Saben cuántas cosas están íntimamente relacionadas en su origen en el término ´leer´? Pues cosas como recoger, recolectar, como leño, (el lignum crucis es el leño de la cruz), y como interpretar, curar, o decir palabras mágicas, están latentes, vivos en la raíz indoeuropea (leg-) de esa palabra. Según lenguas, culturas, incluso civilizaciones y épocas históricas, las palabras, incluso siendo en su origen un puñado de fonemas, comienzan a crecer y a multiplicarse en sus sentidos, y construyen un mundo mental que al final nos atrapa. De una manera u otra, el lenguaje nos atrapa, nos hace suyo, somos hijos del idioma. El consejo aquél, ya añoso y que nos viene de unos lejanos textos sagrados, de "meditad sobre el lenguaje", sigue en vigor por la razón de que somos hijos suyos, del lenguaje que hablamos, que es el idioma, además, en que a nosotros mismos nos hablamos.

Esta palabra que acabo de repetir unas pocas de veces (idioma) es griega, se emparienta con otra de la misma estirpe que significa "lo propio", y en su sentido originario alude a algo que podemos definir como "propiedad privada". Los idiomas tienen algo de propiedad privada, por supuesto, y eso tal vez explique el trasfondo del encono con que se defienden las lenguas unas de otras, y hasta se enfrentan y tratan de arrebatarse adeptos, esto es, hablantes. ¿Quién, por muy políglota que sea, no siente una especie de aliento de rara complacencia cuando, luego de un tiempo lejos de la patria de lengua propia, y entre gente que habla otra diferente, retorna y se siente de nuevo como en casa en cuanto escucha los sones y acentos y modos de su lengua, de su idioma? Por muy bien que nos defendamos en francés, en inglés, o en la lengua que fuere, sabemos que, lejos de nuestra lengua estamos como en corral ajeno. Un corral mental, desde luego. Y eso es porque somos hijos de un idioma, entre otras cosas que ahora no se contemplan: una sensibilidad, una moral común, un ideario, una sangre. Llevamos la lengua en la misma sangre.

Y palabras como ley, delegar, delegado, colegio y colega son también primos hermanos de esa raíz ya dicha, /leg-/. La noción de "lectura" como acto, no ya físico de ir leyendo, sino acto intelectual de ir recogiendo sentidos y valores en lo que leemos es muy acertada. Quizá sea lo más cercano a un buen lector: el que al recolectar frutos de un sembradío va seleccionando los mejores, así también el que al leer textos va quedándose con sus más hondos y vivos y certeros sentidos.
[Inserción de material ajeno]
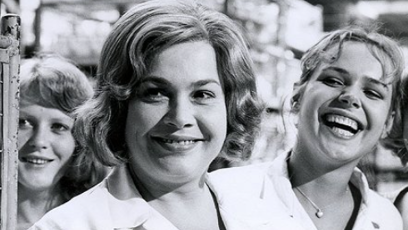 FOTO: Míla Myslíková ve filmu Holky z porcelánu.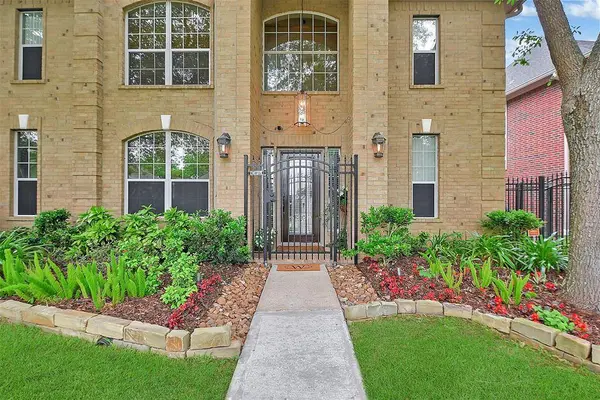 2211 Blue Water Bay DR, Katy, TX 77494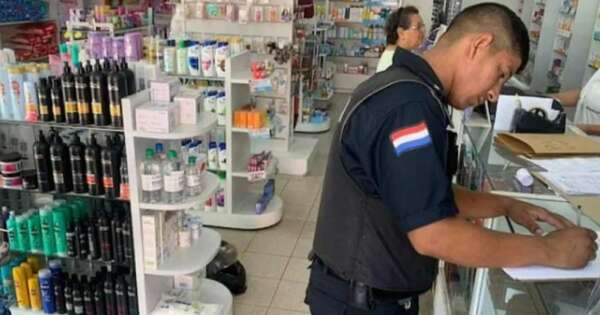 La Nación / Buscan a una mujer que asaltó una farmacia y amenazó con un pedazo de plato a la cajera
Que los libros son como campos con frutos y sus lectores son recolectores de éstos, siendo los autores los que sembraron. ¿Acaso el poeta no es quien mejores y más vivas semillas esparce en su mundo, entre sus coetáneos y como mirando hacia el futuro? Los poetas son los hijos más dilectos y preclaros de su lengua, de su idioma, y el acto poético, en su valencia o dimensión mágica, es como una feliz coyunda entre el lenguaje y quien lo mamó y lo habla y enriquece. La lengua nos es alma.

Pero aludía en la entradilla a la perversión del lenguaje. Y quiero decir algo al respecto: un lenguaje se pervierte ante todo, (y sobre todo), a causa de una doble práctica: lo que Antonio Casado llamaba ayer en su colaboración "camuflaje semántico", y ese modo de buscar el modo de una inflación de los significados que acaba por destruirlos en su esencia primera, que es un justo y cabal designar algo. Si no se respeta la propia lengua, mal se puede ser hijo digno del idioma, y de paso, ¿qué otro respeto podemos esperar de quienes así actúen? No sé si me he expresado de forma que me puedan ustedes "leer" cabalmente. Si ha sido así, sea el mérito de la lengua que usamos. Y si no, sea mío el demérito. Gracias.